Saturday, September 10, 2005


A pain to endure

A toothache is a most miserable lind of pain, perhaps second only to earaches, and open heart surgery. I am not alone in my absolute hatred of toothaches. Since becoming a diabetic, I have had an average of one a year, and it is getting really old, really quickly. I am alomost to the point of looking forward to having all the teeth removed, and go to dentures. That has never been my first choice, but it is beginning to have a certain appeal if it means no more pain

In the meantime, I think I may take out some stock in Del Pharmaceuticals, the manufacturers of OraJel, since I may have some return on all the money I will be spending to keep the pain to a minimum. But, on the positive side, I have an appointment with the doctor on Monday, and will be parking my butt at the dental office in the hopes that there is a cancellation and I can be slipped in for a referral.

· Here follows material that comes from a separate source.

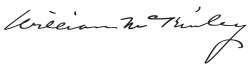 Cursive signature in ink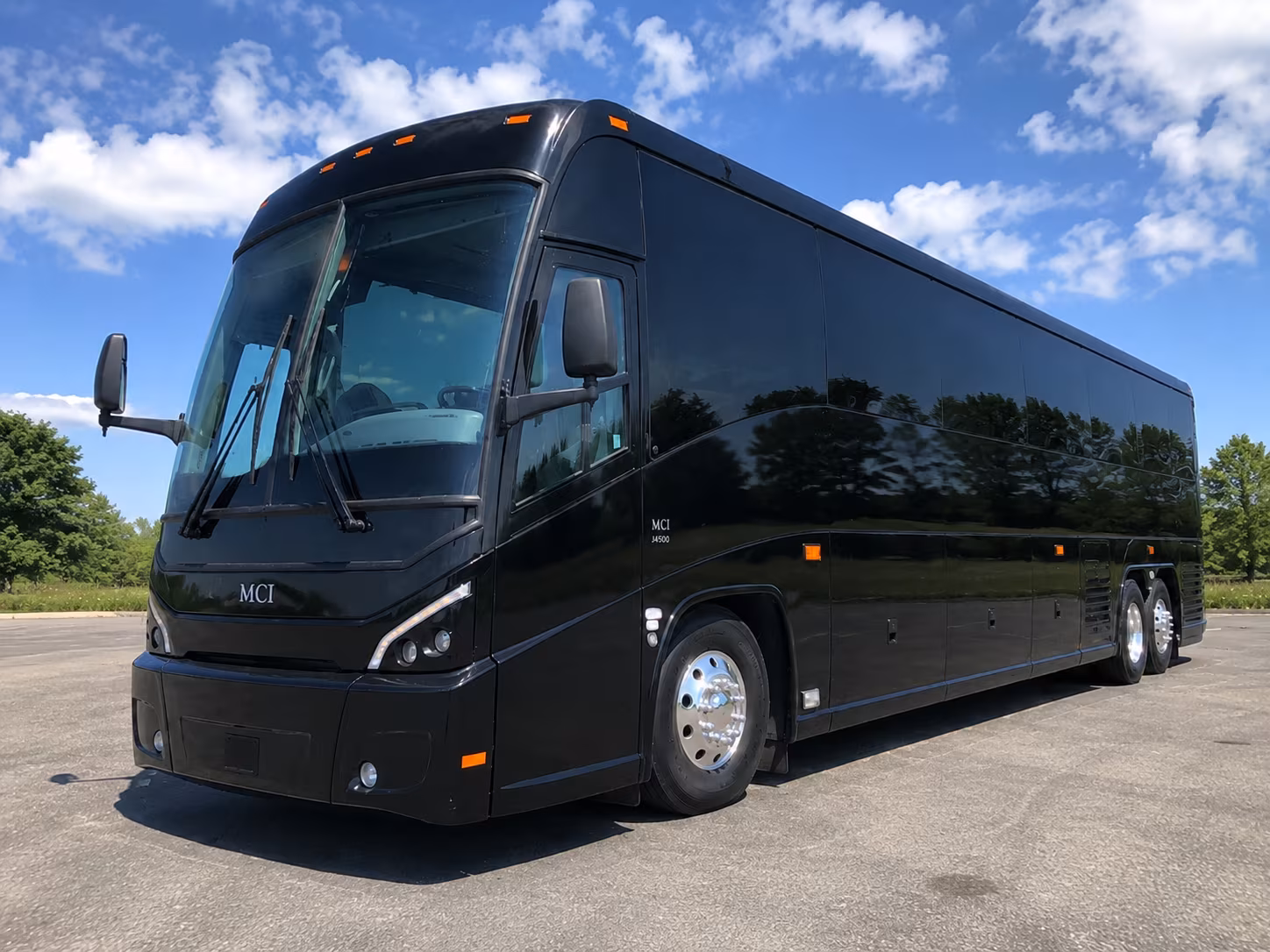 Addison Corporate Transportation party bus interior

That's the drawback of having the health problems I do. Nothing is as simple as it should be. With the heart condition and the apnea, in order to get dental work, I have to be put under now, which while preferable as far as I am concerned, raises the bar so to speak. It becomes more involved, and more expensive. But, better safe than sorry.


Fortune or Fate

I just love this picture! I can't help it. I think it is funny. Of course, my humor has been twisted over the years and not everyone finds the same things amusing. Be that as it may, I still like the picture, and it appropriately illustrates what I want to write about today.

I used to quip that if it were not for bad luck, I would have no luck at all, but in truth, I have hade plenty of good luck over the years too. The problem is that because I am "the glass is half empty" person, I do not always see the good until much later. People used to tell me that I needed to be more positive, and I would generally reply (because I am a bit twisted, and a smartass at times... okay, frequently..... most of the time I guess) that I am positive something would go wrong. You know the story....

An optimist and a pessimist were walking down the street and the pessimist complains, "Things just can't get any worse than this!" The optimist replies, "Oh yes they can!"

By that definition I am an optimist. LOL That is my story, and I am sticking to it!

Things have a tendency to not always go as we expect. That is life. Always changing, always moving, and virtually impossible to prepare for every contingency. There are always twists and turns along the road of life which I think is why they say life is not a destination, it is a journey. Reading over what little I have written so far, it sounds a little cliche, much of it. Oh well. It is early in the morning, and again I was woken by the phone in the middle of the night. I do not write my best under these conditions. LOL

Too, having just checked my blood sugar, I see I am paying the consequences for forgetting to take my meds yesterday. 452 is exceptionally high, so I just dumped 60 units Humulog (insulin) into my system, and expect my numbers to start dropping quickly. Along with my oral meds, and the 35 units lantus, I should be in better shape before sunrise. I know, that sounds like a lot of insulin. It is, but not that much over what I normally take.